Giuseppe Scionti è ingegnere biomedico e da oltre 10 anni non può fare a meno di studiare le innovazioni in ambito foodtech. Ospite di una nuova puntata di “Italiani dell’altro mondo” ci ha raccontato come nascono le sue bistecche vegetali
«Di me hanno scritto: meno male che è emigrato. Non sono critiche che mi feriscono, ma mi rendo conto che l’innovazione ha bisogno anche di tolleranza. In Italia forse manca su certi aspetti». Il nostro è un paese dove il cibo non è soltanto cultura. In certi casi sfocia in sterili fanatismi acritici, quasi fosse una religione (chiedetelo ad Alberto Grandi, docente di storia dell’alimentazione e autore di Denominazione di origine inventata). Giuseppe Scionti, 36 anni, è nato a Milano da genitori del sud. Ha frequentato ingegneria biomedica al Politecnico per poi prendere un volo direzione Svezia. «Mi sono specializzato in biomateriali e ingegneria dei tessuti», ci racconta. Più di dieci anni fa ha iniziato ad appassionarsi a una delle innovazioni più promettenti e dibattute dell’agritech: il cibo sintetico, quello creato in laboratorio. La sua startup Novameat, con sede a Barcellona, ha linee di produzione per sfornare carne vegetale e collabora con ristoranti e chef. «Le startup nascono per necessità e non per fare soldi. Io sentivo che non potevo perdere questa opportunità».
Cibo sotto attacco?
Il dibattito sul cibo sintetico in Italia è stato riacceso di recente da diversi rappresentanti del governo, preoccupati di difendere le tradizioni di un paese che ha nell’industria alimentare uno dei suoi asset economici più importanti. Soltanto se pensiamo alla carne il giro d’affari è di 30 miliardi di euro l’anno. Alcuni mesi fa ha fatto discutere l’intervento della presidente del Consiglio, Giorgia Meloni, sul divieto di produzione di carne e, in generale, cibo sintetico in Italia. «Il tema non è vietare – ha detto la premier – ma difendere la salute dei cittadini, il nostro patrimonio alimentare dalla sua distruzione, il territorio dal rischio desertificazione, il lavoro dei piccoli produttori assediati da poche multinazionali sempre più spregiudicate».
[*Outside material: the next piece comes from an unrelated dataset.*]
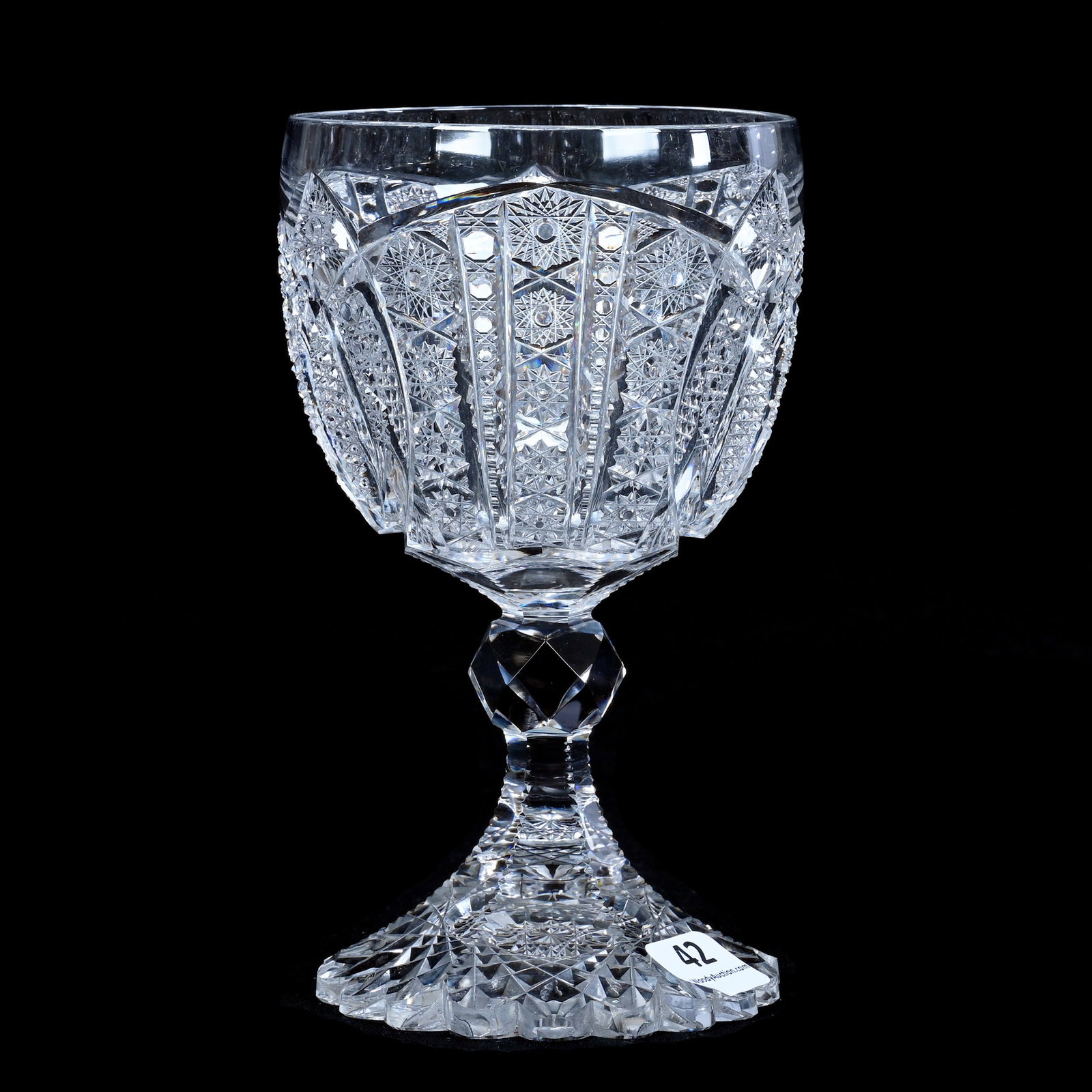 Goblet, American Brilliant Cut Glass, Signed Libbey Aztec Pattern (1 of 3)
Giuseppe Scionti non ha rancore nei confronti dell’Italia. Ed è perfettamente consapevole del fatto che la sua carne vegetale – prodotta con estratti di piselli gialli, concentrati di fava, barbabietola come colorante naturale e fibre di alghe – farebbe molta, ma molta fatica a conquistare il cuore dei consumatori italiani. «Dico sempre: non deve essere una copia della carne. Qualcuno potrebbe scoprire che è più buona e salutare della carne. Ricca di omega 3, che la carne non ha». Per fare dimostrazioni rapide e test con gli chef, Novameat usa una biostampante con cui produrre carne sintetica. Per la produzione in serie ci sono invece gli stabilimenti dove è conservato il know how dell’azienda.
Unicorni sintetici
La carne vegetale non è una pietanza nuova sulle tavole (estere). «Ho letto di Impossible Food proprio quando è stata fondata nel 2011», ricorda Scionti riferendosi all’azienda californiana pioniera di questo cambiamento culturale. «E rammento quando nel 2013 il professore Mark Post ha presentato il primo hamburger creato in laboratorio, costosissimo». A rileggere i titoli dell’epoca, le testate italiane raccontavano simili esperimenti culinari presentandoli come curiosità esotiche, dando subito eco alle critiche di chi mostrava legittimi timori sulla sicurezza. «Poi nel 2015 ho scritto al Ceo di NotCo», azienda cilena divenuta unicorno nel 2021 dopo aver convinto investitori che sull’alimentazione sana hanno costruito carriere sportive leggendarie, come l’ex tennista Roger Federer e il pilota di Formula 1 Lewis Hamilton (vegano da diversi anni).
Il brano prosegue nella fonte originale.